__EXERCISE DESCRIPTION__:
In the listing that follows, give every line again exactly and omit the pictures.

__ENTRIES SHOWN__:
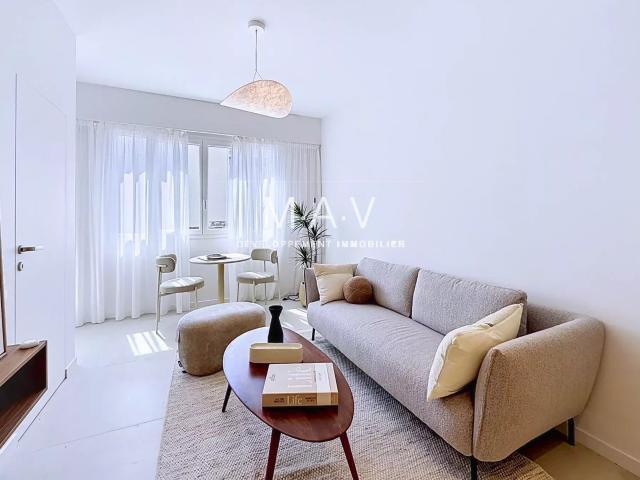 Nice/Carré D’Or Proche Mer – Appartement 2 Pièces Luxueuseme. 27m² Nice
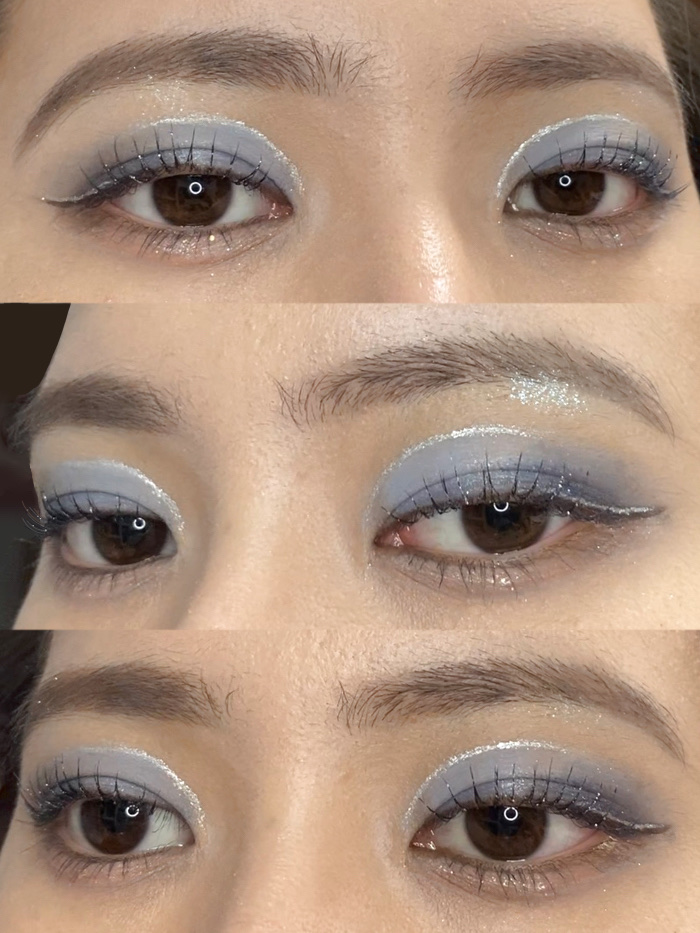 ダズルシャドウ リキッド スターズ イン マイ アイズ/M・A・C/リキッドアイシャドウを使ったクチコミ（1枚目）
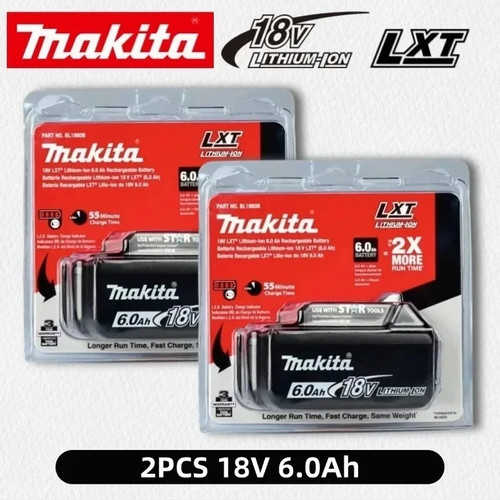 Makita bl1860b 18v - bl1860b-2, lxt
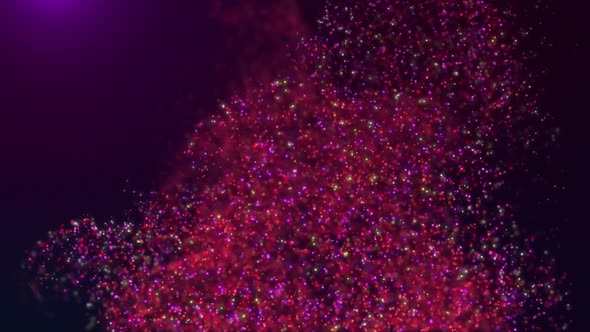 Fluid Particles Rising alt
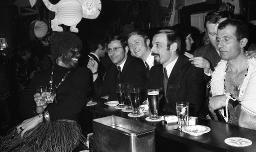 Fasnacht, Restaurant-Bar Barfüsser Zürich, 1970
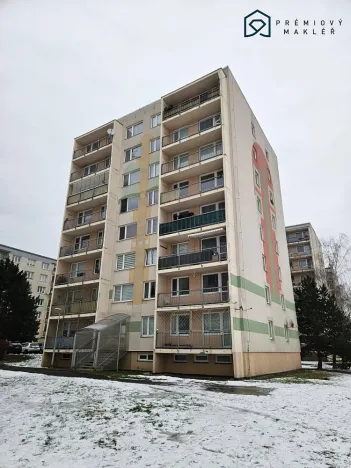Pronájem bytu 2+kk, Litvínov - Horní Litvínov, B. Němcové, 52 m2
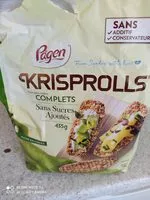Mängden socker i Krisprolls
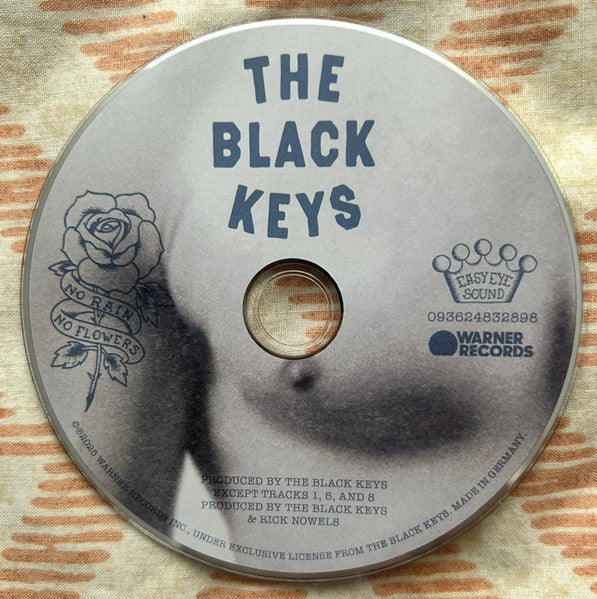 The Black Keys : No Rain, No Flowers (CD, Album)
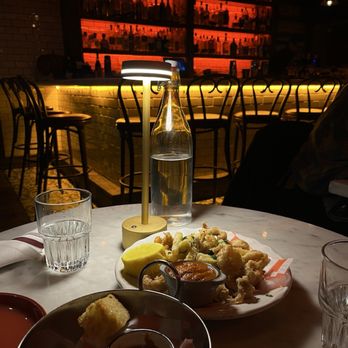 Botte Bar - Calamari - Cocktail Bars Near Me - Astoria, New York Botte Bar - Calamari - Cocktail Bars Near Me - Astoria, New York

__RESPONSE TO THIS EXERCISE__:
 Nice/Carré D’Or Proche Mer – Appartement 2 Pièces Luxueuseme. 27m² Nice
 ダズルシャドウ リキッド スターズ イン マイ アイズ/M・A・C/リキッドアイシャドウを使ったクチコミ（1枚目）
 Makita bl1860b 18v - bl1860b-2, lxt
 Fluid Particles Rising alt
 Fasnacht, Restaurant-Bar Barfüsser Zürich, 1970
Pronájem bytu 2+kk, Litvínov - Horní Litvínov, B. Němcové, 52 m2
Mängden socker i Krisprolls
 The Black Keys : No Rain, No Flowers (CD, Album)
 Botte Bar - Calamari - Cocktail Bars Near Me - Astoria, New York Botte Bar - Calamari - Cocktail Bars Near Me - Astoria, New York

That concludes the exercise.